Ni la izquierda ni la derecha ofrecen, hoy, algo o alguien confiables. Ambas acumulan sospechas o certezas de procedimientos torcidos. Nosotros deberíamos tener a la mano –para evitar olvidos funestos- un balance de lo que ha sido para las universidades públicas el control ejercido por los antiguos militantes del sinuoso espectro de nuestros compañeros de izquierda. Claro, no podemos olvidar que las políticas del Estado han sido sistemáticamente lesivas de la autonomía universitaria, de su sostenimiento financiero y de su calidad académica. Y también tenemos que reconocer que pensadores fundadores o adeptos de alguna tendencia de izquierda fueron los pioneros en la institucionalización de las ciencias humanas.

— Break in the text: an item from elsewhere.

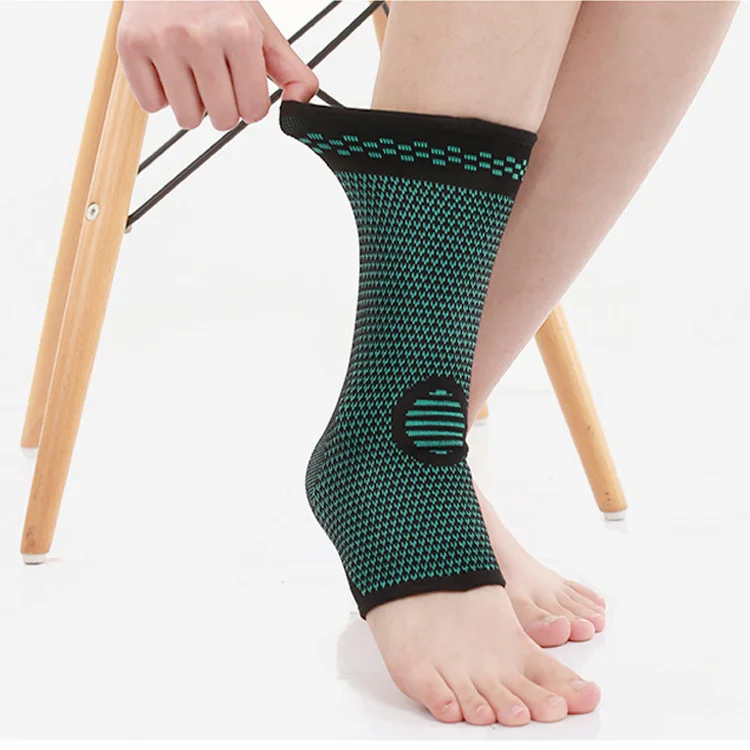 Ankle Brace Compression Support Sleeve for Injury Recovery Joint Pain Plantar Fasciitis Foot Socks with Arch Support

Ese espíritu crítico que ha cimentado los campos de saber en nuestras universidades es un patrimonio imborrable, por fortuna. Pero, por desgracia, algunas crisis recientes de las universidades cuentan y, al parecer, seguirán contando con el entusiasta auspicio de algunos veleidosos que alguna vez transitaron o aún hacen ostentación de militancia izquierdista. Nosotros soportamos, hace ya un decenio, una crisis que obligó a un largo cierre y en que la responsabilidad de un izquierdismo que padecía de gula y otros pecados capitales fue evidente. Mucho me temo que la lección no la hemos aprendido.
Creo que la reputación de la izquierda universitaria está en entredicho mientras no sea el cimiento de un pensamiento crítico. Por eso creo que ha sido irrespetuoso e irresponsable apelar al nombre de un pensador crítico como Estanislao Zuleta para inventarse una cátedra en una Facultad de Humanidades que guarda silencio ominoso ante evidentes situaciones de deterioro institucional, a favor de relaciones de amistad y parentesco. Una Facultad donde es difícil presentar una simple solicitud porque posiblemente no se la responden o donde la producción de conocimiento parece depender de la sincronización entre hoteles, aeropuertos y agencias de viajes. Una Facultad enredada en el embeleco tecnócrata de la multi, inter, intra disciplinariedad y otras palabrejas por el estilo. Nuestra izquierda ha sido muy fofa en el cuestionamiento de quiénes y cómo ejercen el poder en las universidades, de cómo algunos cargos y recursos han sido (y serán) del disfrute privado.
El afán de tener poder ha sido una semejanza entre la derecha y de la izquierda; eso explica, en parte, las parábolas de muchos de nuestros intelectuales que han preferido convertirse en corifeos del Gobierno de turno y han olvidado a la sociedad, y sobre todo a las víctimas, a los perdedores, a los más indefensos de esa sociedad. Ciertos personajes de nuestra izquierda universitaria se sienten mucho mejor en la placidez de un vuelo (ojalá tipo ejecutivo), confabulando por pequeñeces, fabricando prestigios y preparando ferias de vanidades. Si al menos pensaran en los riesgos cardiovasculares de esa forma de vida.
Diciembre de 2008.
Leo esta columna en enero del 2019 y no sorprende tanto la vigencia de la situación descrita, sino el hecho de que la Universidad -aunque el profesor Loaiza pareciera englobar en dicha noción a todas las universidades en Colombia, lo cual parece un poco exagerado- en conjunto no ha sido contemplada por el Estado como una institución digna de ser tenida en cuenta. Asimismo, es certero que se debe ser críticos con los críticos si lo que se quiere es una Universidad que reconozca las prácticas que en su interior la corrompen.